Вашингтон, суббота 27 октября, 10 часов утра (5 часов вечера по московскому времени)С начала 1946 года Советский Союз являлся главным объектом деятельности американской разведки, и тем не менее, когда братья Кеннеди, Банди, Раек и другие деятели новых рубежей с 21 октября пытались принять наиболее важное, по мнению многих, решение, ни одна спецслужба не сумела точно доложить, что происходило в Кремле.
Первым пунктом повестки дня Исполкома, собравшегося в субботу в 10 часов утра, была подготовка ответа на письмо Хрущева от 26 октября, где он писал о «тугих узлах»{72}. Но не успело открыться заседание, как президенту Кеннеди подали новое письмо Хрущева, которое в этот момент зачитывали по московскому радио.
Кеннеди стал читать текст с телетайпной ленты:
«Премьер Хрущев вчера сообщил президенту Кеннеди, что уберет наступательные ракеты с Кубы, если США уберут свои из Турции»{73}.
По комнате прошел шепот, заговорили члены Исполкома «Он не писал этого, не так ли?» Кеннеди, удивленный новыми условиями окончания кризиса, добавил: «Этого нет в том письме, которое мы получили, не так ли?»
Попытка Хрущева превратить экспромт в крупное преимущество застала администрацию Кеннеди врасплох.
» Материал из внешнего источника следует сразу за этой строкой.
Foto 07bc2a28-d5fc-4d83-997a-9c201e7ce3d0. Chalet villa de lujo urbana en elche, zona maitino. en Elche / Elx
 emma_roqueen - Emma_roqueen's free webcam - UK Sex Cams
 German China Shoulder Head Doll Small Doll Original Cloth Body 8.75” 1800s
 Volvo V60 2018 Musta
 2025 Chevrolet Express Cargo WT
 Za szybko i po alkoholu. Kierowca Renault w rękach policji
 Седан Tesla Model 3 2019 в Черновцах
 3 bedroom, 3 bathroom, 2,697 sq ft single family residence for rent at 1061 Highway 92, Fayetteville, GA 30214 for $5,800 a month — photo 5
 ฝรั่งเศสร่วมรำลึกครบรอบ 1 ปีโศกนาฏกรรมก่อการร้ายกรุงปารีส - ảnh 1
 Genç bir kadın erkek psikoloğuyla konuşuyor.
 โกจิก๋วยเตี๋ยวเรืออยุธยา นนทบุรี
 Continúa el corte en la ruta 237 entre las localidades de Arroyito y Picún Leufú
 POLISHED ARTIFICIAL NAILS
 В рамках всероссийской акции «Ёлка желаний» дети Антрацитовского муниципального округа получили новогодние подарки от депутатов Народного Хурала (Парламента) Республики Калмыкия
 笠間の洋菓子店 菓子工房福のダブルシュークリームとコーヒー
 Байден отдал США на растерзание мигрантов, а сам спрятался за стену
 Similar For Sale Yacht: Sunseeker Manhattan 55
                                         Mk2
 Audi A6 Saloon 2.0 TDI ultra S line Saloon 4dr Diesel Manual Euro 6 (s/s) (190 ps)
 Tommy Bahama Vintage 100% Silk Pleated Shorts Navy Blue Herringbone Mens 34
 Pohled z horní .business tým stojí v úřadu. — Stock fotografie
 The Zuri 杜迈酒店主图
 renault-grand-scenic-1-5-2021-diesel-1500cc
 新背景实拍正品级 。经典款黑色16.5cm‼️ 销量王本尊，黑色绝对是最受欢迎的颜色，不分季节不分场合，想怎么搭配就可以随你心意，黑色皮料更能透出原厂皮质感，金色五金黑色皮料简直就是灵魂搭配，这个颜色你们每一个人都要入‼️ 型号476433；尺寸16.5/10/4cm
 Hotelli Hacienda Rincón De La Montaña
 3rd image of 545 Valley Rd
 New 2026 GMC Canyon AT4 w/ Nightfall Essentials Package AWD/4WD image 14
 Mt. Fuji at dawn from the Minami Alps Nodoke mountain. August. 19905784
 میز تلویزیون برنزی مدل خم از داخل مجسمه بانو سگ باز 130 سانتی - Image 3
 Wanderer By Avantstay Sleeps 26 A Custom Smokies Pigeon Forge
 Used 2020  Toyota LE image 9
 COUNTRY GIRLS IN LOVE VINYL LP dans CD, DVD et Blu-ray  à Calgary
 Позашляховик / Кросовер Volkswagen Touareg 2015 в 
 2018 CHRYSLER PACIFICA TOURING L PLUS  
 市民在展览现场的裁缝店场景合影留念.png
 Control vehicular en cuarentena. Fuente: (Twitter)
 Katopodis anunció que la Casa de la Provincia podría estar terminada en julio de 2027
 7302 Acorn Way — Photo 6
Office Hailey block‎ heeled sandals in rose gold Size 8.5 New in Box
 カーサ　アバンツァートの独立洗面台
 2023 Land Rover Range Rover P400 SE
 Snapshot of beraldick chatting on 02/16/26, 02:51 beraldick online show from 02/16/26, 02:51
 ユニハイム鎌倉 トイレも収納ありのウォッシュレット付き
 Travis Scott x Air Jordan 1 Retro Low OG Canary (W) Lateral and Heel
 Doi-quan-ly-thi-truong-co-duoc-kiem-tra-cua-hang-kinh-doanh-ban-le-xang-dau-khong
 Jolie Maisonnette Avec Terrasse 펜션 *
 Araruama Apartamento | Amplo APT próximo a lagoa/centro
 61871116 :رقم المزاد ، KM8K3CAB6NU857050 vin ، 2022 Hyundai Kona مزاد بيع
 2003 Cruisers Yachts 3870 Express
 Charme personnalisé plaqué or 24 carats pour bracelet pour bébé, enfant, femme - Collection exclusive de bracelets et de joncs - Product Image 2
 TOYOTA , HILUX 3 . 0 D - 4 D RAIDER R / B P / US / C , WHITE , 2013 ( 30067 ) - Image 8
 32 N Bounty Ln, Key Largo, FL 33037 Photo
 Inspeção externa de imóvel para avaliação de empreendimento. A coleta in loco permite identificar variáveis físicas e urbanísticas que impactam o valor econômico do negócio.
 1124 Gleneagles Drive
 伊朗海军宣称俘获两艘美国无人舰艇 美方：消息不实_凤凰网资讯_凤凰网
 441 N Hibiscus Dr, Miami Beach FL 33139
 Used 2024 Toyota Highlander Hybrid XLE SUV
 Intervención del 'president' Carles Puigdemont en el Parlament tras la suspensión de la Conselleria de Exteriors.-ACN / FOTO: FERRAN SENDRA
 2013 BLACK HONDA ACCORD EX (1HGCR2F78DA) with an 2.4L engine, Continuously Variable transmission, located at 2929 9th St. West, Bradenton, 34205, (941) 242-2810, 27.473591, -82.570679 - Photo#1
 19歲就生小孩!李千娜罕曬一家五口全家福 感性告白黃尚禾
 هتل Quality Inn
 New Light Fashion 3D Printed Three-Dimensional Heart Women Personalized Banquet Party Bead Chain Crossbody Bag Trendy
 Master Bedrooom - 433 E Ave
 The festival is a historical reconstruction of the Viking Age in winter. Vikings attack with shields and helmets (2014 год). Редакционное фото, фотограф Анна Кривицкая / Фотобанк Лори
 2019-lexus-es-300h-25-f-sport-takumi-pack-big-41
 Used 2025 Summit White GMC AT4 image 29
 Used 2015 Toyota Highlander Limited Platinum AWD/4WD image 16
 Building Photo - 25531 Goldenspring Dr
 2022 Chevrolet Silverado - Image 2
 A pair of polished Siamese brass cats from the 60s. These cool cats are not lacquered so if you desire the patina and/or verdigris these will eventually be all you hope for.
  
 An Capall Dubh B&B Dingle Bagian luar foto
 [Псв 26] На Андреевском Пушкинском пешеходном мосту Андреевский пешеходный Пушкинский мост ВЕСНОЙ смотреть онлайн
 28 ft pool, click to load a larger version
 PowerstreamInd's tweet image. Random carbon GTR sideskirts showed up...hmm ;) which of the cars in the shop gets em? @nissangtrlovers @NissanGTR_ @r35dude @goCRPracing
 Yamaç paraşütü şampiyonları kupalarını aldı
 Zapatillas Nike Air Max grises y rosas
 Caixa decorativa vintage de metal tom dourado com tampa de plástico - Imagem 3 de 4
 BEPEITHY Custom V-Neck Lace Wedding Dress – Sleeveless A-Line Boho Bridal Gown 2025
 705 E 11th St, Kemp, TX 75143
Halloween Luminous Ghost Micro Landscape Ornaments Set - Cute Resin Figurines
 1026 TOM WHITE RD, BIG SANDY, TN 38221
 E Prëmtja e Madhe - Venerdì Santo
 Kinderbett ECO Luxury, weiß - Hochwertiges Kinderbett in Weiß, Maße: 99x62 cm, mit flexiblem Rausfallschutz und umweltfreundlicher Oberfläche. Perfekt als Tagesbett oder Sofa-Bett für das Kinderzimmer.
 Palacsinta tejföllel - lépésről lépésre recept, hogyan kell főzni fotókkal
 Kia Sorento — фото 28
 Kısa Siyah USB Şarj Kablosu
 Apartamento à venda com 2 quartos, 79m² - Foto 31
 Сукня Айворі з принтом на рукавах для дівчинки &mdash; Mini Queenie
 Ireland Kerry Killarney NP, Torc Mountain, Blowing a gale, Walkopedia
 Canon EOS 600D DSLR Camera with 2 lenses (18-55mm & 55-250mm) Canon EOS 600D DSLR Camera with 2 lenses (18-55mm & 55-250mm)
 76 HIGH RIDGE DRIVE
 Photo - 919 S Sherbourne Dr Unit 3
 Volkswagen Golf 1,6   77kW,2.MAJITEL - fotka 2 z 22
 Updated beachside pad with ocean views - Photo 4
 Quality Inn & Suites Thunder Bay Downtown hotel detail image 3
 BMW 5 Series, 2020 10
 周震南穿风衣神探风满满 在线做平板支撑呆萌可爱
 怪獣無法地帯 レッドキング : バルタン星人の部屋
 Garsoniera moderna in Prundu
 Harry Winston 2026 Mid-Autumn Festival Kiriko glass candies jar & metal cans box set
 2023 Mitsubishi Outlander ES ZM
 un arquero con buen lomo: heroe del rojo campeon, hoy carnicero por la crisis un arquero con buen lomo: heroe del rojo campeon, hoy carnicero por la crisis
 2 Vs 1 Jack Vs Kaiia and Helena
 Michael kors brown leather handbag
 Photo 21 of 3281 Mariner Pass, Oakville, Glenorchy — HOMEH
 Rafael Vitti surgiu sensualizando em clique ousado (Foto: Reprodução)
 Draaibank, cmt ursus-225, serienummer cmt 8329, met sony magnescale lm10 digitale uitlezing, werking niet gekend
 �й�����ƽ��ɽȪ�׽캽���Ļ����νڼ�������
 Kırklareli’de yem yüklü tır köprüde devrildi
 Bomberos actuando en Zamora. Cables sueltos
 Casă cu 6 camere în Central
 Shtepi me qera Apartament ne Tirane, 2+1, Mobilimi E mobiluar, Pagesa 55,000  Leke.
Президент и его советники с момента обнаружения самолетами У-2 ракет на Кубе обсуждали возможность торга. Но каждый сценарий подразумевал секретность обмена мнениями в узком кругу. Ни один руководитель США не желал публичной дискуссии, которая могла бы подорвать веру в НАТО.
Сначала администрация решила, что произошла ошибка. «Нельзя ли проверить и быть уверенным, что письмо с телетайпной ленты — это письмо, которое мы читали вчера вечером», — спросил Раек своего подчиненного. Ошибки не было. Президент понял, что невозможно игнорировать это предложение. «Каково состояние наших переговоров с турками по поводу отвода этих?..»
Кеннеди был раздражен и смущен. Его советники тоже. Разве сотрудник КГБ Феклисов не изложил ясно в первом письме условия Хрущева о гарантиях ненападения в обмен на демонтаж ракет?
Банди предложил не обращать внимания на второе послание. «Очень странно, господин президент, что Хрущев изменил условия длинного письма вам, ведь в нем и срочном сообщении советника (Феклисова) только вчера вечером говорилось лишь о Кубе; мне кажется, что мы идем в русле своих планов — ничего нет плохого в нашей позиции держаться выработанной линии».